Nonetheless, if they really do want a deal, they need to start taking urgent symbolic and substantive steps.
First, China should provide the U.S. with its own draft agreement. It should be the same as the last 150 page text, but include three drafting changes satisfying China’s “red lines” announced on 13 May – removing the U.S. provision retaining tariffs after the agreement is signed; removing the provision for the U.S. to unilaterally reimpose tariffs in the future if they decide that China is not honouring the agreement; inserting a provision that China will give effect to the agreement “consistent with its constitutional, legislative and regulatory processes”. The bottom line is that if the U.S. objects to China’s implementation of the agreement in the future, Washington will take unilateral action anyway.
Second, China should improve the original offer of a $200 billion reduction in the bilateral trade deficit over time. This is lousy economics. But it’s important to Trump personally and politically.
Third, China must retain the draft agreement’s existing provisions on the protection of intellectual property and the outlawing of forced technology transfer. These are critical structural changes in China’s trade and economic practices for the future. On state subsidy for Chinese industry and enterprises, China will not ban this in the text of the agreement. But it may be possible to have each country declare in the official communique accompanying the signing of the agreement its position on state industry policy for the future – including the domestic and international arbitral mechanisms that will be applicable to enforce all relevant laws on competitive neutrality.
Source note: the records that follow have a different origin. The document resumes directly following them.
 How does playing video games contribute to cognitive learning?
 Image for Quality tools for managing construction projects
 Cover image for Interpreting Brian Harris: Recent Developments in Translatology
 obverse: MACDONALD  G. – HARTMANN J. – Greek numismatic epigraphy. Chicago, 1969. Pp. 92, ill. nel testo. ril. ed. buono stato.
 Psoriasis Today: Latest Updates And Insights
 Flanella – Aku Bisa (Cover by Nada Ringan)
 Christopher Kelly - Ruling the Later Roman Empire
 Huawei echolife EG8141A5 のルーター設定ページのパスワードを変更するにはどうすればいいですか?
Fourth, none of this will work unless both sides create a positive political atmosphere now. This is not a feel good question. It’s about concrete actions. China could kick start this by immediately placing a large order for American soy beans and corn. That helps Trump’s angry farmer problem in his Republican heartland. The U.S. has already begun to act by deferring the currently scheduled 5 per cent tariff hike scheduled for October 1. Proceeding with that would have alienated the Chinese leadership as it fell precisely on the 70th anniversary of the the People’s Republic’s founding. The U.S. might also issue permits for some non-sensitive applications received from U.S. firms wishing to sell product to Huawei – applications currently languishing on the Commerce Secretary’s desk.
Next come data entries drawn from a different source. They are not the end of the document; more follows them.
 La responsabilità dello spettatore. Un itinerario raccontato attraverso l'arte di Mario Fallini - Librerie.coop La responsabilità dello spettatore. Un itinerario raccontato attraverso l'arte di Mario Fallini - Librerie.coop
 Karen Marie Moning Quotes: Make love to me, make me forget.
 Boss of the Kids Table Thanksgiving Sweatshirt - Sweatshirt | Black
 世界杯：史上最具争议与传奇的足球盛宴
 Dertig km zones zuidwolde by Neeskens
Fifth, both sides should regard the APEC Summit in Santiago on November 16 as the last chance saloon for signing a deal. Following high level negotiations between Vice Premier Liu He and United States Trade Representative Robert Lighthizer in early October, outstanding problems should then be agreed at a 14th and final round in Beijing in early November. Getting the deal done before Thanksgiving will be critical to undergird U.S. business and consumer confidence going into the Christmas season.
I’m one of few who have argued all year that despite all the public political fireworks, the underlying interests of both presidents make a deal more likely than not. But a failure to manage the next two critical months carefully could still cause the whole process to implode.
And to be clear, both sides have already spent a lot of time preparing Plan B for 2020 – namely to let loose the dogs of economic war between the two countries, each appealing to underlying nationalist sentiment to blame their domestic economic woes on the other.
In which case we should all get ready for the risk of recession next year – for the U.S., Europe and Australia, while China would seek to reduce the impact through further fiscal and monetary stimulus. The options now facing Washington and Beijing are stark indeed. And for all of us.